* Aim of the exercise *
Working through the data below, reproduce word for word the line with "Honda PCX Prata 3" and every line after it, both ends included, and omit the pictures.

[Image-caption web data]
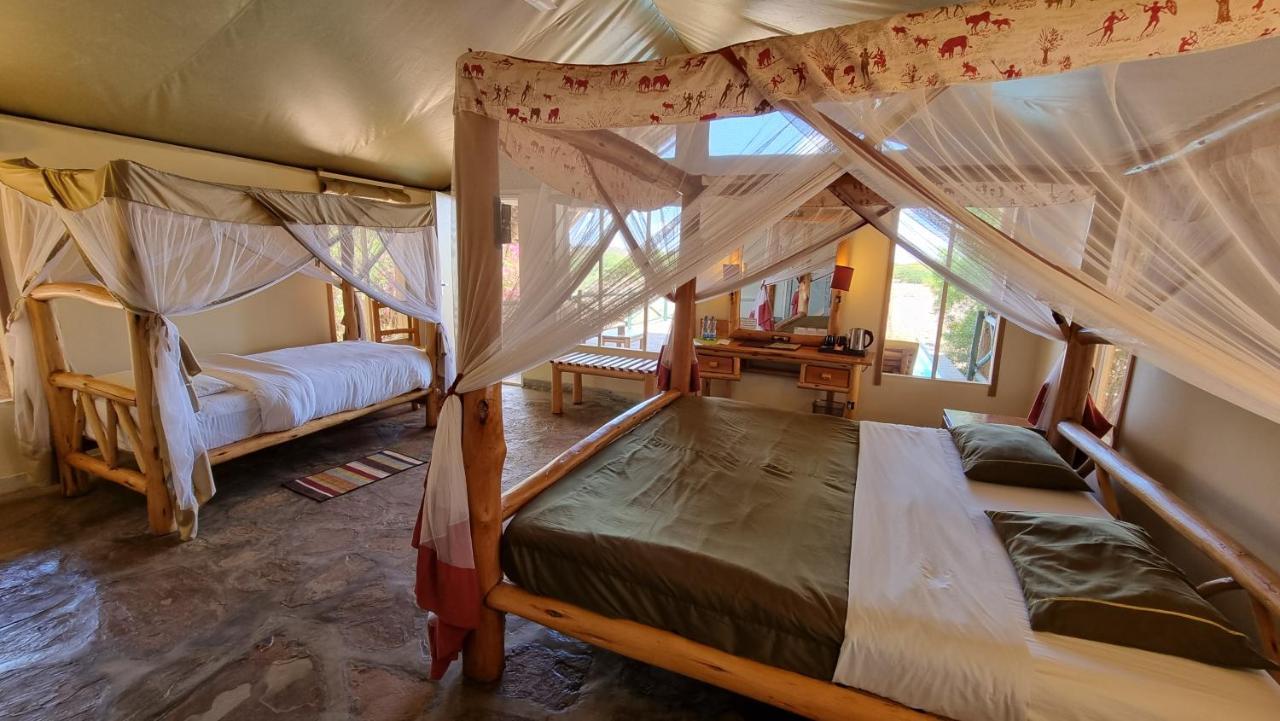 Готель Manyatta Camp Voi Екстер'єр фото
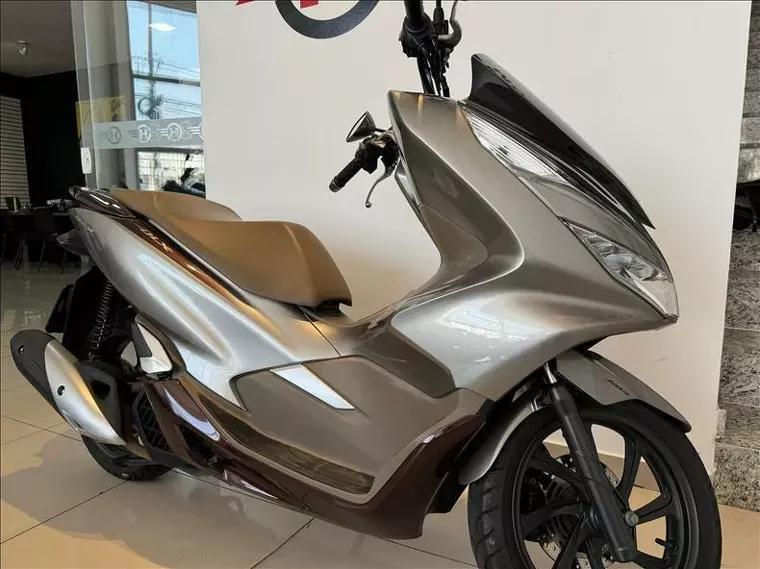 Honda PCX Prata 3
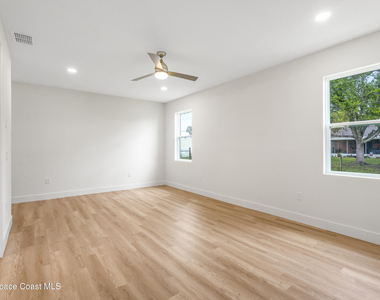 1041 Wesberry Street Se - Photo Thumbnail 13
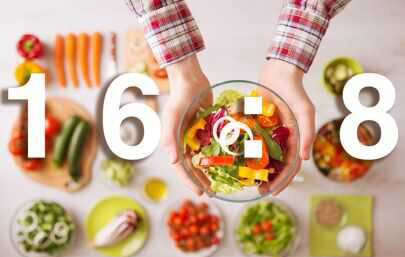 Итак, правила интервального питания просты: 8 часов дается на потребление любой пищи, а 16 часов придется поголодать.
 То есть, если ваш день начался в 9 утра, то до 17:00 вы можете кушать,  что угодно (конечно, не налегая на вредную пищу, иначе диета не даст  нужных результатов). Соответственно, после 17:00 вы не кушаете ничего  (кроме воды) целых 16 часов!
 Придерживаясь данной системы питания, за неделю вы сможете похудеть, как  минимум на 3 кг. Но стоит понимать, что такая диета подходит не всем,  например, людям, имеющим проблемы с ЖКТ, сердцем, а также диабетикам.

* Exercise answer *
 Honda PCX Prata 3
 1041 Wesberry Street Se - Photo Thumbnail 13
 Итак, правила интервального питания просты: 8 часов дается на потребление любой пищи, а 16 часов придется поголодать.
 То есть, если ваш день начался в 9 утра, то до 17:00 вы можете кушать,  что угодно (конечно, не налегая на вредную пищу, иначе диета не даст  нужных результатов). Соответственно, после 17:00 вы не кушаете ничего  (кроме воды) целых 16 часов!
 Придерживаясь данной системы питания, за неделю вы сможете похудеть, как  минимум на 3 кг. Но стоит понимать, что такая диета подходит не всем,  например, людям, имеющим проблемы с ЖКТ, сердцем, а также диабетикам.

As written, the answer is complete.